Recently I alluded to the fact that the New London Day, and in particular, its columnist, Dave Collins has been conducting a bit of a jihad against our State Senator, Andy Maynard. Andy suffered a brain injury before the last election. He now suffers from aphasia, which means he has trouble articulating his thoughts. As the Day knows, his constituents re-elected him with full knowledge that he had had the accident and had possibly suffered brain damage, but Collins in particular, and the newspaper in general, has insisted that Andy should not vote, because he is being manipulated by the evil Democratic Senate leaders.

Last week, on the 13th, the Day printed an article about a letter former (thank God) Congressman and current Stonington first selectman Rob Simmons wrote in which he basically pushed the same meme. Naturally, the Day gave the letter front page treatment.

I took pen to hand and wrote this:

Rob Simmons’s recent attack on Senate Democrats for allegedly manipulating Andy Maynard was an exercise in precisely what he was accusing the Democrats of doing: manipulating Andy Maynard for his own purposes. Mr. Simmons wants us to believe that he can speak for Andy, and tell us what Andy would do if only Andy were not being manipulated by those terrible Democrats. We are to believe that Simmons has only Andy’s best interest at heart, politics having nothing at all to do with it. We are also to believe that if only Andy were the Andy Rob once knew, he would vote as a Republican, like Rob always did.

Simmons undoubtedly knew the Day would give him maximum exposure, as he’s just repeating the meme the Day has been pushing for over a year in its columns and news stories. There is, in fact, no reason to believe that Andy’s aphasia has affected his ability to make his own decisions, and the constituent service offered by his office has not suffered as a result of his disability. His disability renders him an easy target. Since he can’t verbalize a response, he loses no matter what he does.

The Day called me to confirm I’d written it, but it has yet to see print and it probably never will.
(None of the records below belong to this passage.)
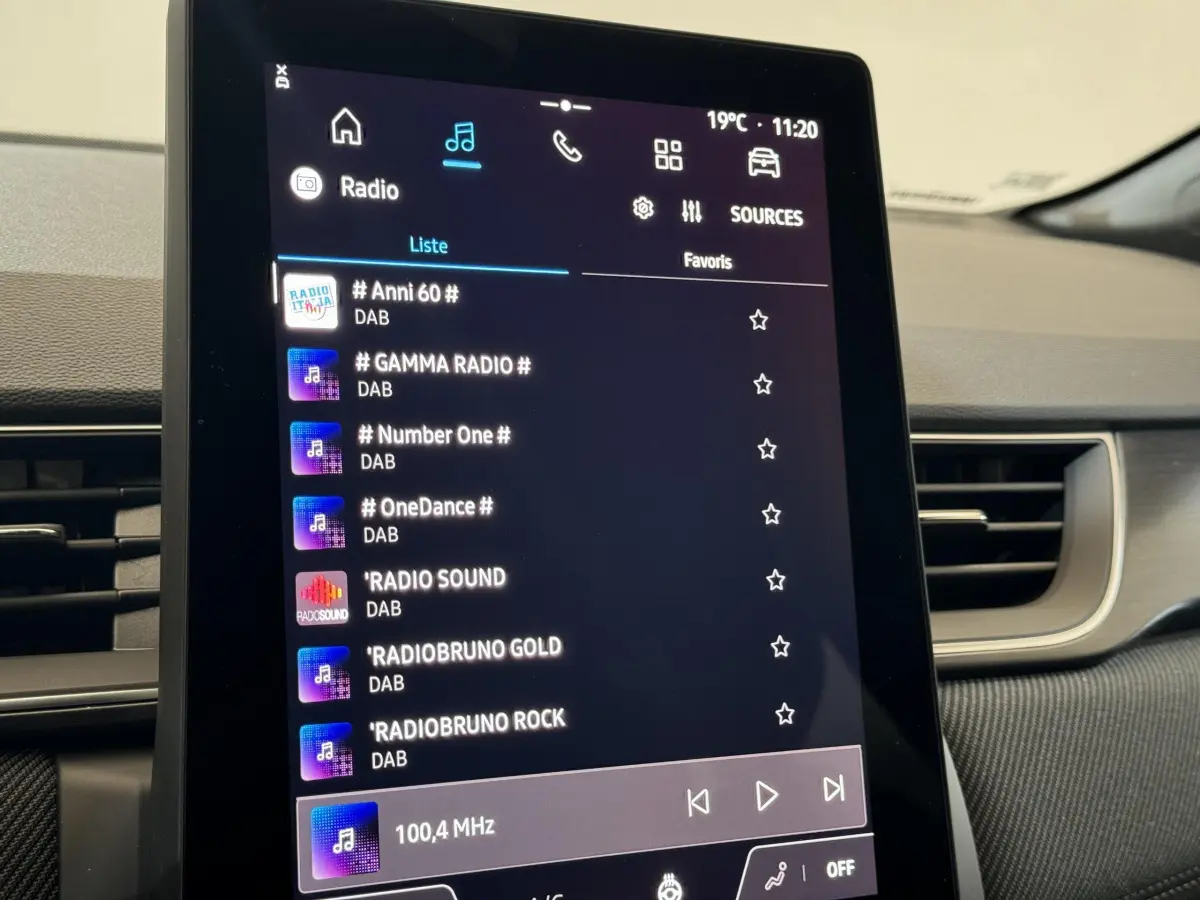 Écran tactile central du tableau de bord du Renault Captur blanc esprit Alpine E-Tech, affichant les stations radio DAB.
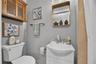 A Single Sink & Vanity And Yet Another Kohler Extended Height Commode!
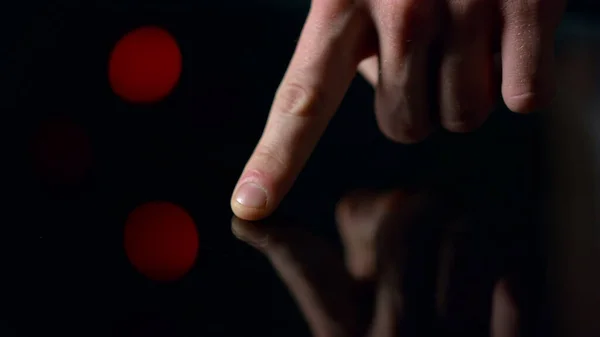 Macro video of man finger touching black surface. Accurate male finger . — Stock Photo, Image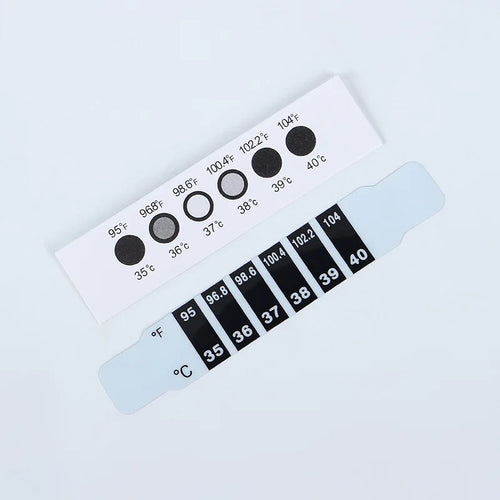 White and black baby forehead strip thermometer for quick baby health temperature monitoring.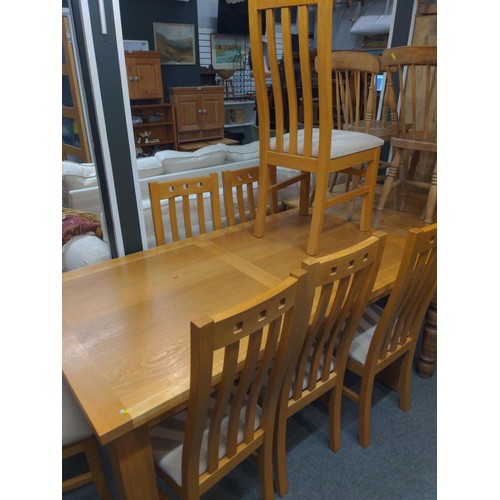 386 - Modern oak extending dining table with 8 chairs. width 160cm x depth 90cm x 76cm height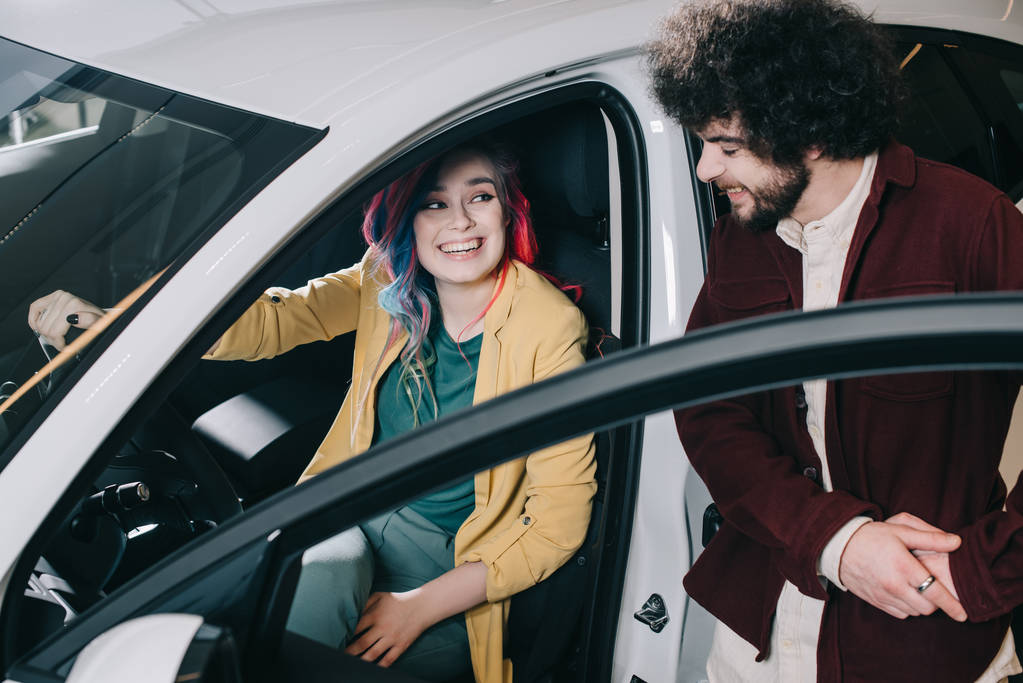 εναέρια όψη του χαρούμενο κορίτσι με χρωματιστά μαλλιά κάθονται στο αυτοκίνητο και κοιτάζοντας σγουρά άνθρωπος  - Φωτογραφία, εικόνα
This is the second letter in a row that I’ve written that the Day has rejected. My wife wrote a letter, which it did print, attacking our local (Republican) state representatives as do nothings. It drew a printed response from a letter writer, with a defense so lame as to be laughable. I wrote a response to that letter, which the Day refused to print unless I was identified as my wife’s spouse, using her name. My wife preferred not to become the issue. I didn’t fight about it, but the logic escapes me. If my letter made sense, which of course it did, what difference does my relationship to my wife make?

The Day used to be a good paper, but it is rapidly becoming Fox on the Thames.